Matching the large-caps’ rebound from the bottom initially, side counters raced past the leaders by the middle of July. Small scrips’ returns more than doubled as against the giants recovering three-fourths and the in-betweens about 85% by early December from the March lows. The mid- and lower-rung players climbed back to growth in 2020 by the third week of October. The mainline indicator managed to swim to the shore the next month. Due to preference for high float and index constituents, it is unlikely entrepreneur-driven entities are a craze among overseas fund managers, who have been net buyers of equities for six of the seven months since April.  With domestic institutions’ shopping restricted to May, reports of bumper profit and enrolments by brokers in the last two quarters point to retail investors occupying vacant spots in the trading ring. The resolves of central banks and governments to support the weak till the pandemic is capped is likely to have emboldened risk-averse individual participants in believing the diminishing downside of volatile bets. Besides profit-booking in big players trickling down the pecking order, percolation is also from segments that stood to benefit from the disruption to those, such as consumption and infrastructure, devastated from the stoppage of cash flow due to lockdowns but eager to roar back on unlocking. The Nifty Pharma index’s January-to-date gains had soared from 14% early May to 50% after five months as the focus on treatment for covid-19 patients shifted to developing candidates to prevent infections.
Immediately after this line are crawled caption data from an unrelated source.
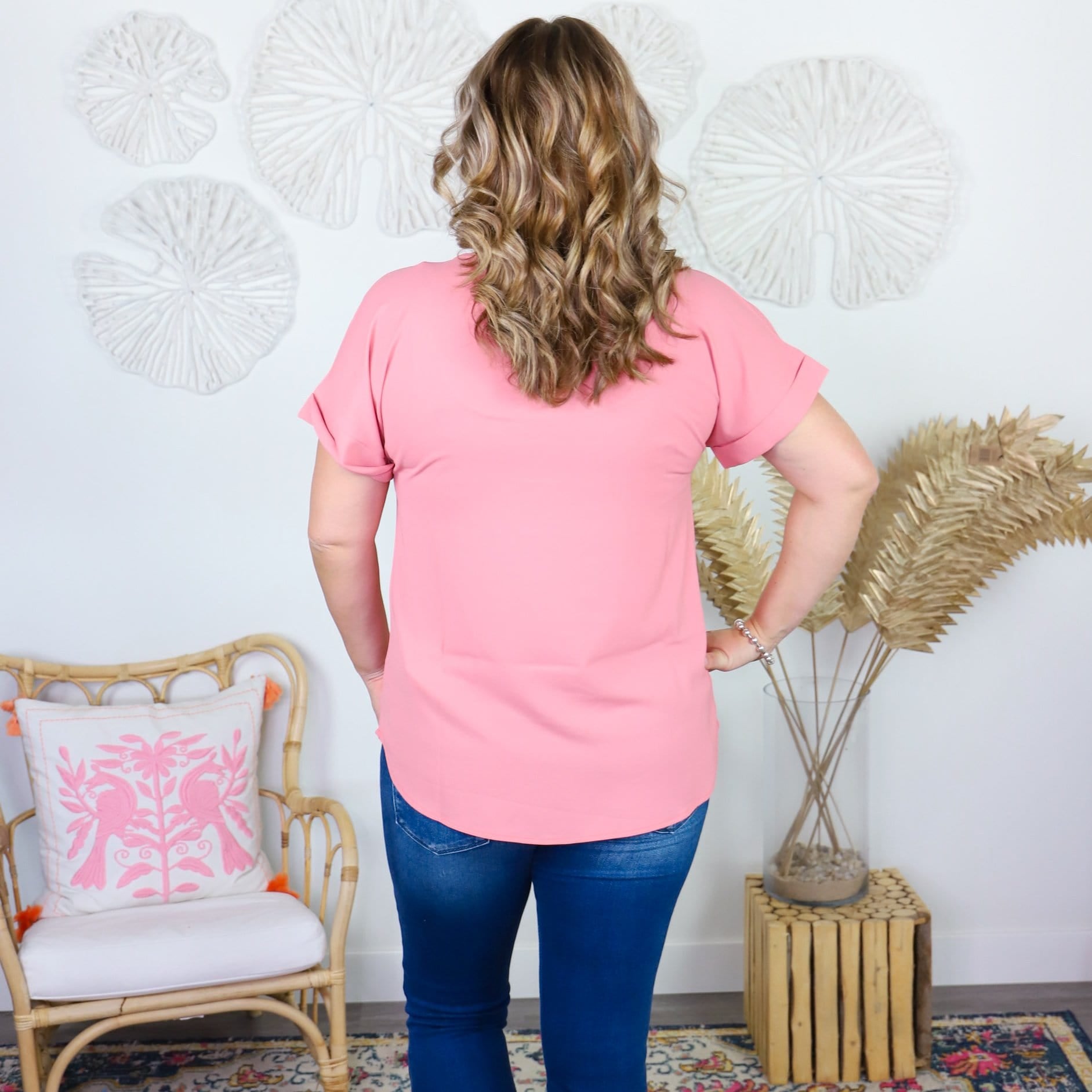 Woven Rolled Sleeve Boat Neck Top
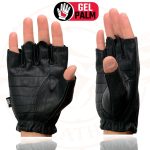 Milwaukee Leather SH206 Men’s Black Leather Gel Padded Palm Fingerless Motorcycle Hand Gloves W/ ‘Welted’ Design - Image 2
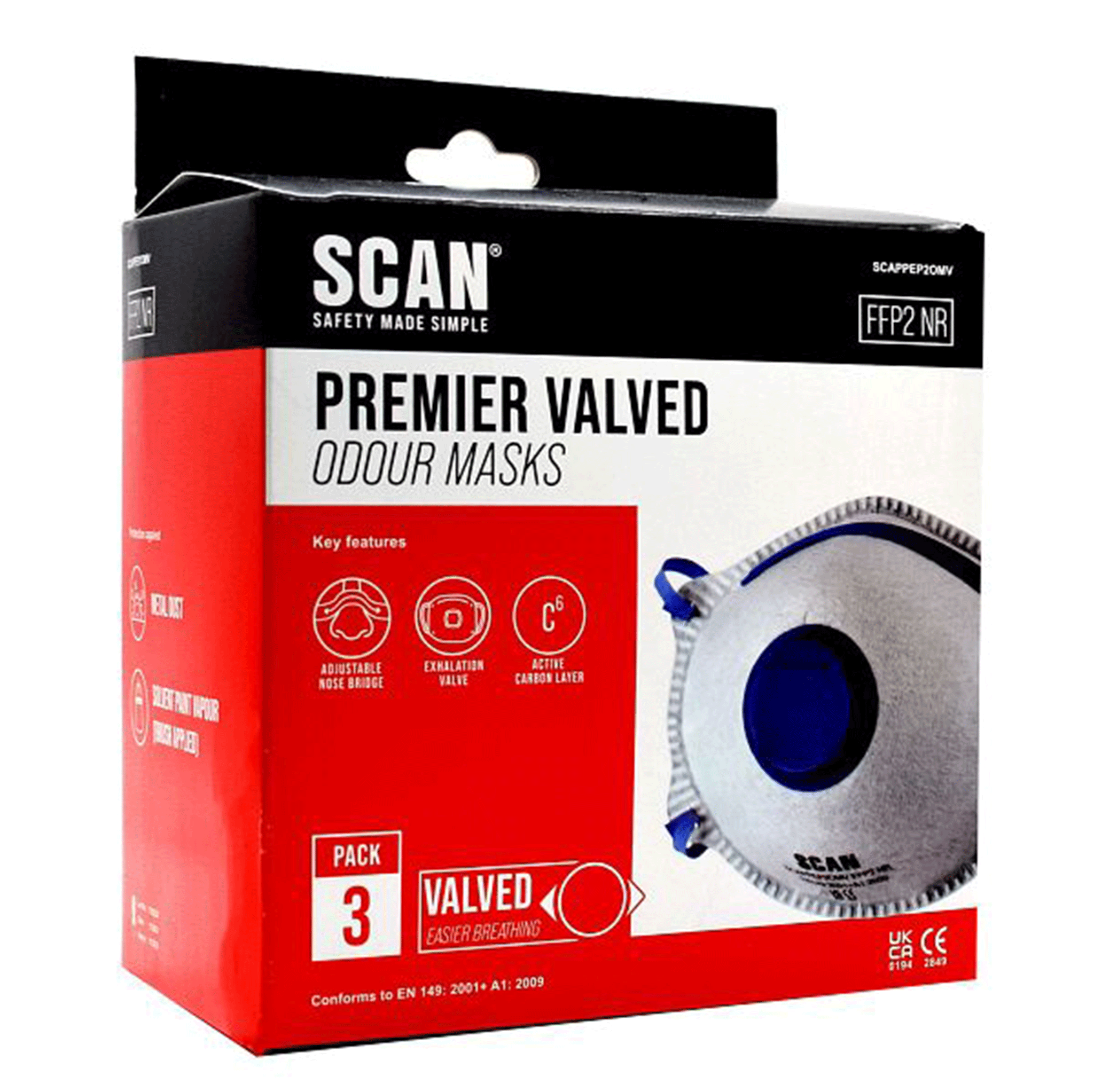 Premier Odour Valved Mask FFP2 - Pack of Three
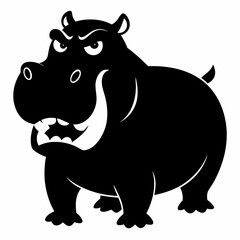  A angry hippopotamus black vector silhouette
After a slow start, the Nifty IT index had galloped 42% by the beginning of December as businesses rushed to transit into the digital era for contactless transactions.

 

 If drug makers got discounting on actual sales, tech solutions providers’ wealth creation was due to revenue visibility on the premise working from remote locations will persist in some form. The Nifty Energy index’s tanking 39% in the calendar year till early April and eventually bouncing back 6% so far pivoted on the prospect of normalcy in the medium term. The Nifty Auto index’ turnaround, from being a loser after the urban population was confined to work from home to advancing 13% as the year was setting, factored the present and future. Sales of low-end cars and two-wheelers spurred by the desire for personal mobility and the expected expansion of productivity from the December quarter is tipped to lift commercial vehicles. The dispersion of attention is not only between companies of varying shapes and sectors. Legacy and emerging plays are attracting eyeballs simultaneously. If the IPO of new-age Happiest Minds Technologies was subscribed 151 times, that of veteran Mazagon Dock Shipbuilders received bids 157 times, traditional specialty chemical manufacturer Chemcon 147 times and hard-hit consumption play Burger King 150 times the size. It is becoming clear that no industry is going to get shunned. Big and small enterprises, value and growth picks, and innovative and proven technologies will coexist. Policy assistance will be a mix of loose and calibrated measures.